The convex meniscus lens has a 15cm radius for the convex surface and 20cm for the concave surface. The lens is made of crown glass with refractive index, n=1.52 and is surrounded by air.
What is the focal length of the lens.
Aren't there standard formulas for all this?
To find the focal length of the lens, we can use the lensmaker's formula, which states:
1/f = (n - 1) * ((1/R1) - (1/R2))
Where:
- f is the focal length of the lens
- n is the refractive index of the lens material (crown glass in this case, with n = 1.52)
- R1 is the radius of curvature of the convex surface
- R2 is the radius of curvature of the concave surface
Given that the radius of the convex surface is 15 cm and the radius of the concave surface is 20 cm, we can substitute these values into the lensmaker's formula:
1/f = (1.52 - 1) * ((1/15) - (1/20))
Simplifying further:
1/f = 0.52 * ((20 - 15) / (300))
1/f = 0.52 * (5 / 300)
1/f = 0.00867
Finally, we can find the focal length by taking the reciprocal of both sides:
f = 1 / 0.00867
f ≈ 115.1 cm
Therefore, the focal length of the lens is approximately 115.1 cm.
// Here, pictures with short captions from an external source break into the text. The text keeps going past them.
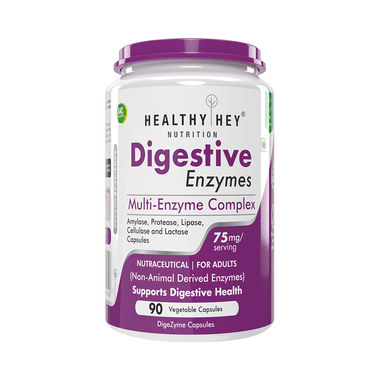 HealthyHey Digestive Enzymes With Amylase, Protease, Lipase, Cellulose & Lactose | Multi Enzyme Complex Veg Capsule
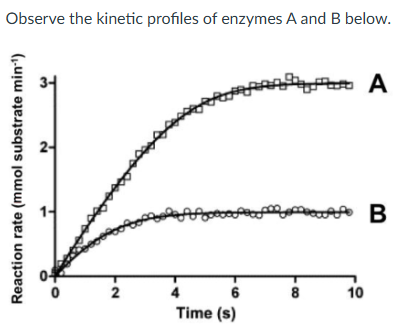Observe the kinetic profiles of enzymes A and B
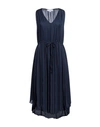 SKILLS & GENES SKILLS & GENES WOMAN MIDI DRESS MIDNIGHT BLUE SIZE 6 VISCOSE, SILK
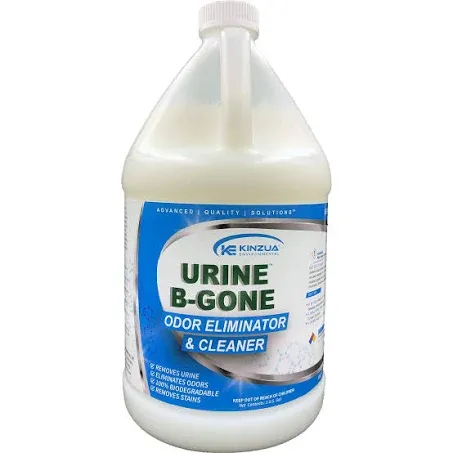 KINZUA ENVIRONMENTAL Urine B-Gone, Professional Enzyme Odor Eliminator & Pet Stain Remover, Human, Cat & Dog Urine Cleaner, Effective on Laundry, Carpets & More, Original Scent, 1 Gallon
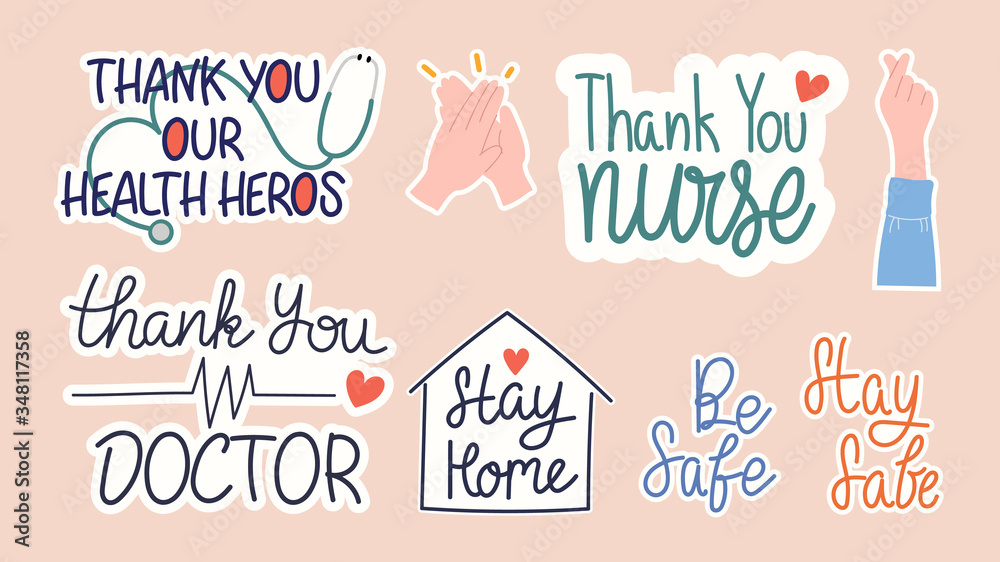 Fototapeta premium Coronavirus (COVID-19) prevention hand letterings doodle banner and sticker design banner, social distancing, Stay home, Quarantine activities, Thank you doctor, Keep healthy vector illustration.
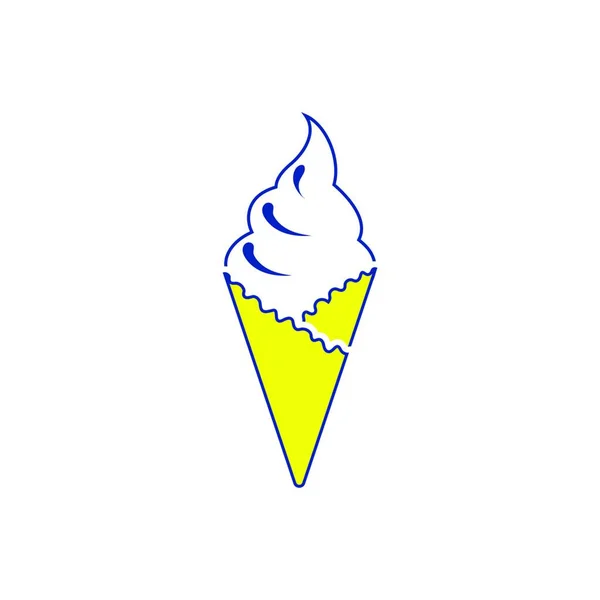 Icono Helado Diseño Línea Delgada Ilustración Vectorial — Archivo Imágenes Vectoriales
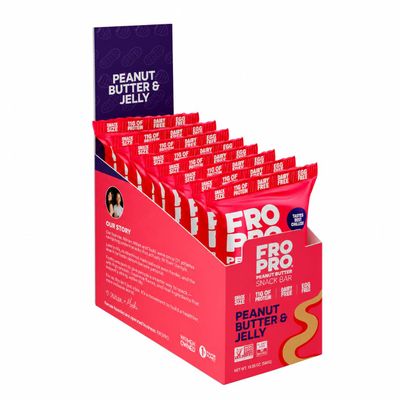 FROPRO PB&J Plant Protein Bars, Gluten Free, Dairy Free, Soy Free, 12 Pack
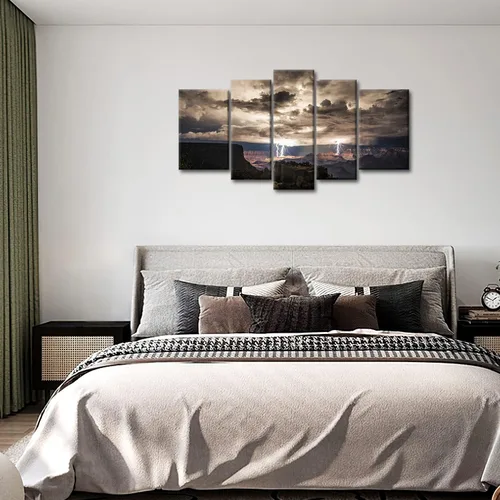 Vista 6 de So Crazy Art® Cuadros para pared de 5 unidades, diseño: rayos en el Gran Cañón y nubes oscuras, imágenes impresas en una lona, imagen decorada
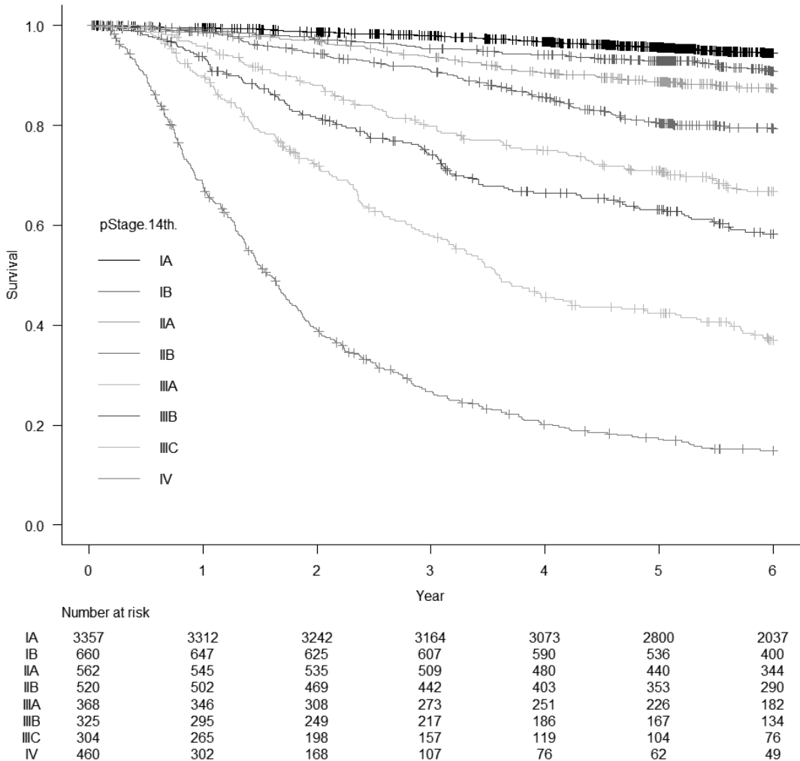 Figure 1.  Survival curves of 6556 patients who received a gastrectomy during 2000-2016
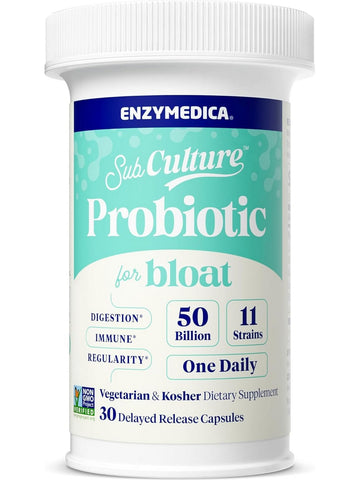 Enzymedica, Subculture Probiotics for Bloat, 30 Delayed Release Capsules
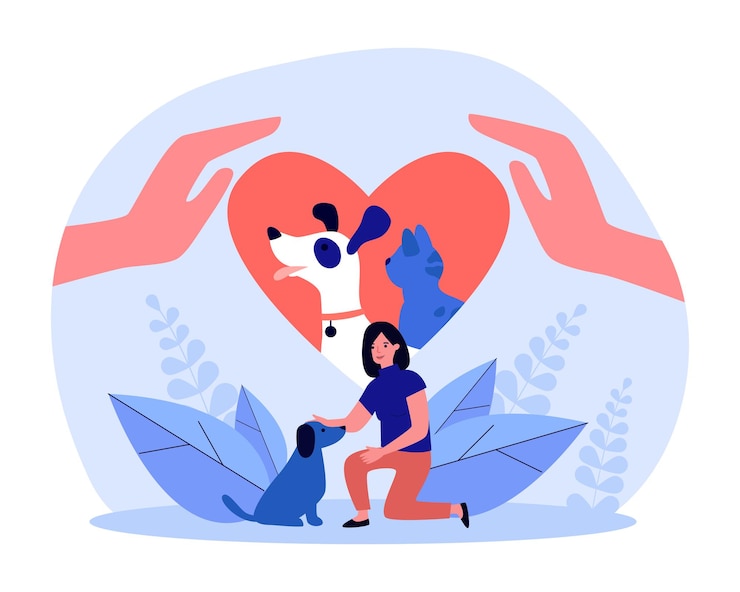 Vektor angenommene haustiere im menschlichen herzen. frau liebevoller hund, annahme obdachloser welpen flache vektorgrafiken. annahme, tierliebe und wohltätigkeitskonzept für banner, website-design oder landing-webseite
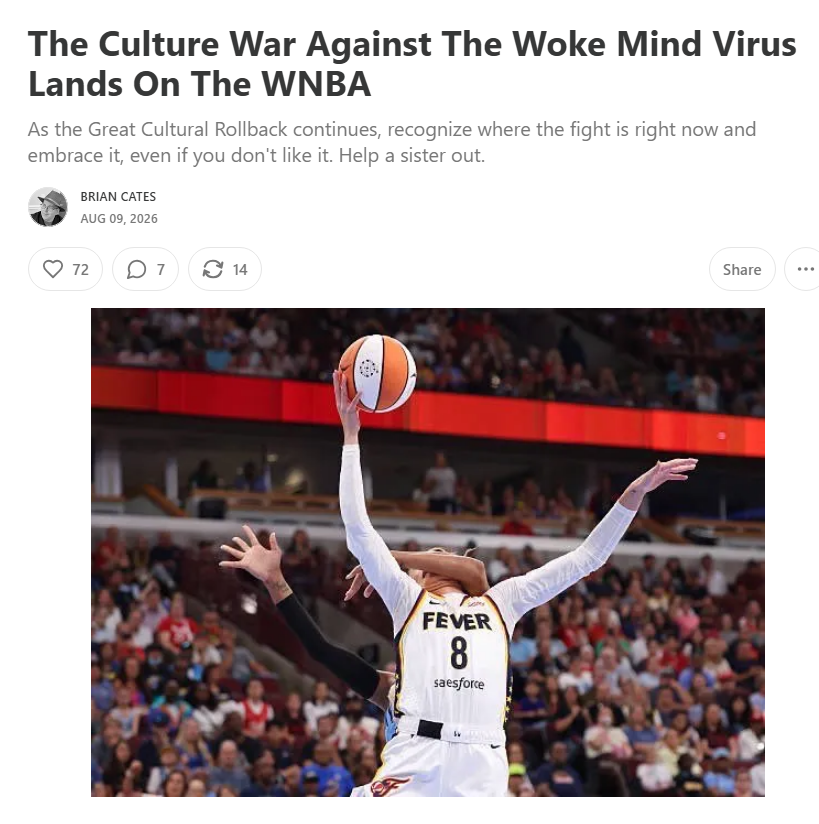drawandstrike's tweet photo. You may have noticed I am posting about the WNBA a lot recently.  

That's true. I would not deny it.

First it was just Caitlin Clark dragging that niche parody league into the national spotlight, as it kicked and screamed at her the entire way. Watching THAT was amazing enough in its own right.

Then Clark was magically joined this season by the awesomely great Sophie Cunningham Traveling 'Girls Sports Are For Girls!' Road Show, which is creating even MORE problems for the Woke Mind Virus League that is now in Day 10 of struggling mightily to define who is and who is not a woman. 

If you can't enjoy the spectacle of this, why, you're just letting life pass you right by!  

See, the WNBA is where the Great Cultural Rollback of the Woke Mind Virus has landed right now.  

You don't have to like that this is where the Long War Against The Woke Mind Virus has landed right now. 

It's perfectly fine if you wish the culture war fight had landed somewhere's else. 

But that doesn't change the FACT: 

It landed WHERE it landed, and it's gonna be there for awhile longer.  

You can either recognize that...or refuse to recognize that.  

Doesn't matter to me if you do or not.  

Trump and Team MAGA recognizes that a large part of the BATTLE FOR THE AMERICAN CULTURE RUNS THROUGH OUR AMERICAN SPORTS WORLD. 

It's why the Commie Marxists Fucks worked SO HARD for a very long time to get control of our American sports world.  To take our NFL, our NBA, and every other sport they could get control of away from US, and transform them into engines of cultural destabilization and demoralization.  Spreaders of the Woke Mind Virus.

Now...Trump is quite deliberately leading a movement to TAKE OUR AMERICAN SPORTS **BACK** from the Woke Mind Virus and the Commie Marxist Fucks. 

I happen to think this is an **excellent** idea, and I encourage Trump to keep doing more of this Great Cultural Rollback stuff in the American sports world.

And the only people who have a problem with UFC events on the White House lawn, and now this Indycar Race on the National Mall this weekend, are the Commie Marxist fucks. 

Oh, and those New Christian Right losers who are really pissed off that Trump and MAGA are GROWING STRONGER when they've devoted the better part of a year to openly trying to tank Trump's support and destroy the MAGA movement and replace it with something something.  

Watching Trump and MAGA sail serenely past them while reversing 'decades of social justice cultural progress' in just a few short months appears to upset these people.  

Yes, they want Trump and MAGA to lose even at this, transforming a Woke Mind Virus League into a real live actual women's basketball league.  

But that's not what's going to happen.  The WNBA is not going to die. It's going to CHANGE into a real league.  With the the people that created it to be a woke parody league kicking and screaming and trying to stop it every step of the way.  

Then it's gonna be the NFL and the NBA's turn.  

Losers will continue losing. 
Winners will continue taking American sports back. 

Because this is what winners do.  

Ain't life grand? 

https://t.co/d4XoaX67UN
To calculate the focal length of the lens, we can use the lens maker's formula which relates the focal length (f) of a lens to its radii of curvature (R1 and R2) and the refractive index (n) of the lens material.
The lens maker's formula is given by:
1/f = (n - 1) * ((1/R1) - (1/R2))
Given:
R1 = 15 cm (radius of the convex surface)
R2 = -20 cm (negative sign indicates concave surface)
n = 1.52 (refractive index of crown glass)
Substituting these values into the formula, we get:
1/f = (1.52 - 1) * ((1/15) - (1/(-20)))
Now, let's simplify this expression:
1/f = 0.52 * (1/15 + 1/20)
To add the fractions, we need a common denominator:
1/f = 0.52 * (4/60 + 3/60)
= 0.52 * (7/60)
= 0.52 * (7/60)
= 0.03613
Now, let's find the reciprocal to get the focal length:
f = 1 / 0.03613
≈ 27.69 cm
Therefore, the focal length of the lens is approximately 27.69 cm.